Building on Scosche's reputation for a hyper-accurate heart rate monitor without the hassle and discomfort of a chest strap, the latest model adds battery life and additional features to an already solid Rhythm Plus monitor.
...
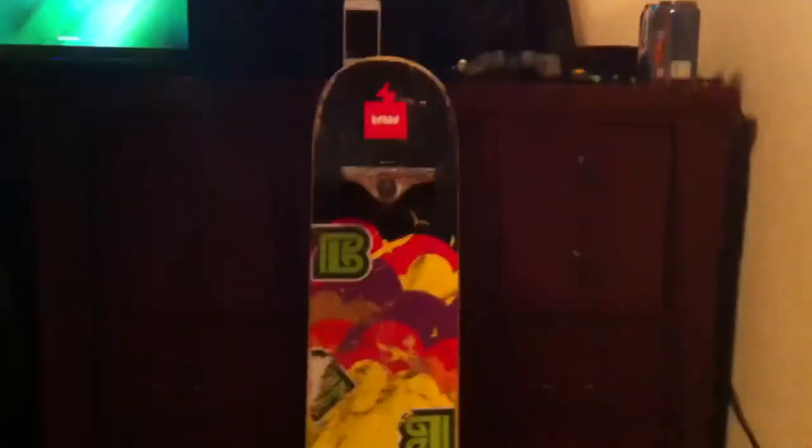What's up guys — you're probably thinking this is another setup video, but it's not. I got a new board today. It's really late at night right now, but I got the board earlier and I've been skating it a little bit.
...
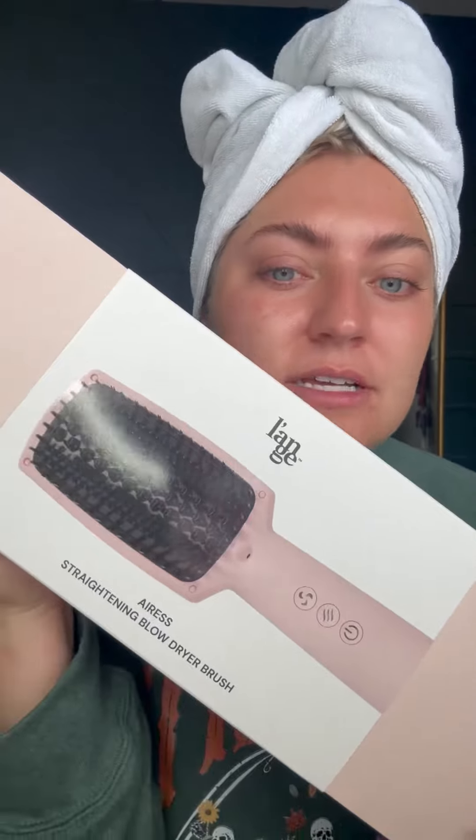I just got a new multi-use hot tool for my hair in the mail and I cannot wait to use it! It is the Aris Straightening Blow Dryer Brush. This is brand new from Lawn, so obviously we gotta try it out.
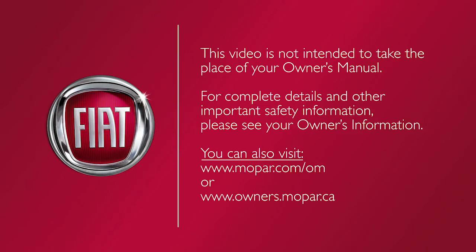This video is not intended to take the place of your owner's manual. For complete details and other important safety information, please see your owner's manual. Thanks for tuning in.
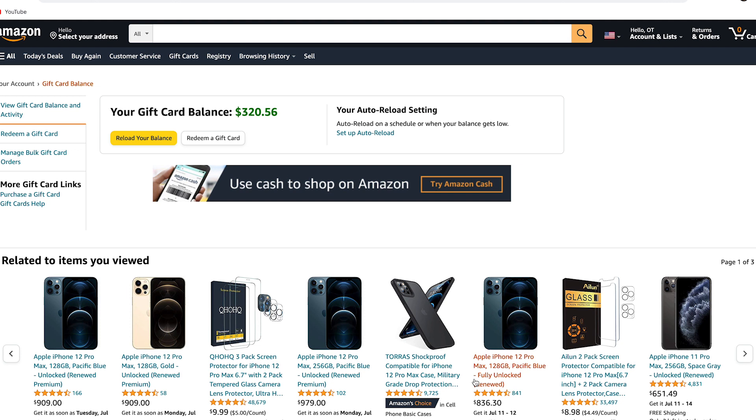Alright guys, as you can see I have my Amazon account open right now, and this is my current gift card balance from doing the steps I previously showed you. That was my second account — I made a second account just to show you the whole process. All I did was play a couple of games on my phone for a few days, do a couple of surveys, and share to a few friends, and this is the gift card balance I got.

__Exercise aim__: Out of the records above, please copy exactly the lines from the line with "This video is" up to and including the line with "Alright guys, as", minus the pictures.

__Written solution__:
This video is not intended to take the place of your owner's manual. For complete details and other important safety information, please see your owner's manual. Thanks for tuning in.
Alright guys, as you can see I have my Amazon account open right now, and this is my current gift card balance from doing the steps I previously showed you. That was my second account — I made a second account just to show you the whole process. All I did was play a couple of games on my phone for a few days, do a couple of surveys, and share to a few friends, and this is the gift card balance I got.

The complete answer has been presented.